Robocoin is the Las Vegas based company planning to set up Bitcoin ATMs in Seattle and Austin, Texas, despite some unease about the currency’s legitimacy and, well, safety. The American Bar Association Journal’s questions into whether Bitcoin ATMs are legal remains unanswered for now, but that’s not stopping Robocoin from taking the plunge and getting things going in Washington and Texas as Las Vegas attorneys eye the situation from its potential legal consequences in the future.
Bitcoin has had “popular success” since it began circulating on the cyber-market some years ago. With some ups and downs in determining its stability as a currency, Bitcoin seems now to be being exchanged with some stability. Las Vegas attorneys, however probably come back to the distrust that U.S. regulators have around the money-laundering capabilities of Bitcoin’s unregulated status before jumping on the Bitcoin bandwagon, as Robocoin seems to have.
Bitcoin’s potential for undermining the government are real, which is probably why it’s appealing to many of its fans. The Silk Road, a website seized and shut down by the federal government for its alleged $1.2 billion in illegal drug sales, is a perfect example of Bitcoin’s ability to fly “under the RADAR.” In the Silk Road case, the feds confiscated more than 600,000 bitcoins—equal to about $80 million. And because the customers were knowingly using the website to engage in purchase of illicit goods, they forego the right to seek restitution, Las Vegas attorneys point out.
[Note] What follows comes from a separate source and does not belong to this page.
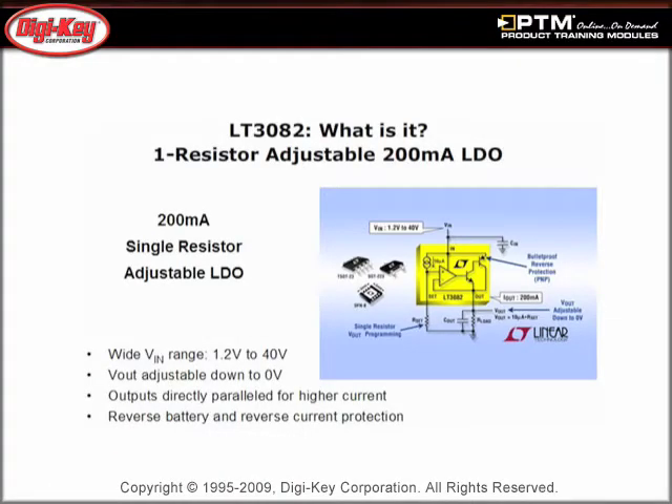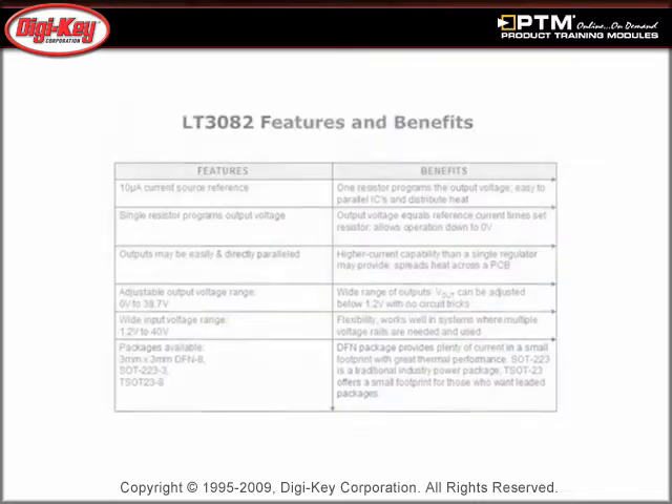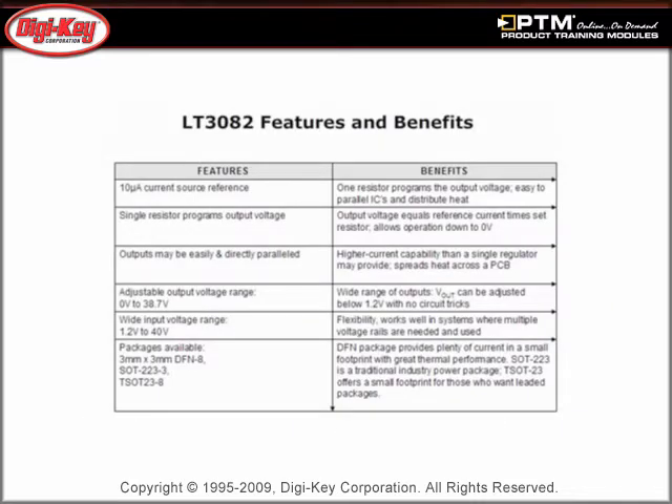Review the key attributes of the LT3082, such as its wide V-in range, ability to adjust V-out down to 0 volts, 1% initial accuracy, and low temperature coefficients. Learn about the features and benefits of these next-generation current reference-based LDOs that do not require heat sinks but only ceramic capacitors.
But bitcoins aren’t only for drug money. Some libertarians espouse Bitcoin precisely for its being slippery when it comes to the cumbersome financial regulations that don’t provide a clear path to compliance with the banking industry. Robocoin seems to be of the same mind with its ATM plans. Already having established a Bitcoin ATM in Vancouver, British Columbia, the Las Vegas based company is looking to expand ATMs overseas to Europe and Asia as well as stateside. Las Vegas attorneys investigating the legality of the ATMs find nothing awry…yet.
Set up to verify customer’s identities by driver’s license or passport, the ATMs will allow customers to sell bitcoins for cash or purchase them one the spot using a smartphone. Fractions of bitcoins will also be available for purchase, especially since the value of one bitcoin is approximately $636. In December, its value was nearer to $1,000.
The wild fluctuations in the value of the bitcoins have to do with the way it’s unregulated. The crypto-currency is backed only by users’ agreement that is has value on the open market—as well as the willingness of businesses, merchants, and service providers like some law firms, casinos, and hotels to accept Bitcoin payment.
U.S. regulators are still “getting their head around Bitcoin, and the Internal Revenue Service isn’t sure how to treat it” either. And until then, it will most likely remain somewhat outside the law. And Bitcoin’s own general counsel Patrick Murck seems pretty sure that Bitcoin will be increasingly accepted and successful in the future as a “global regulatory structure” figures out how to deal with it gets established.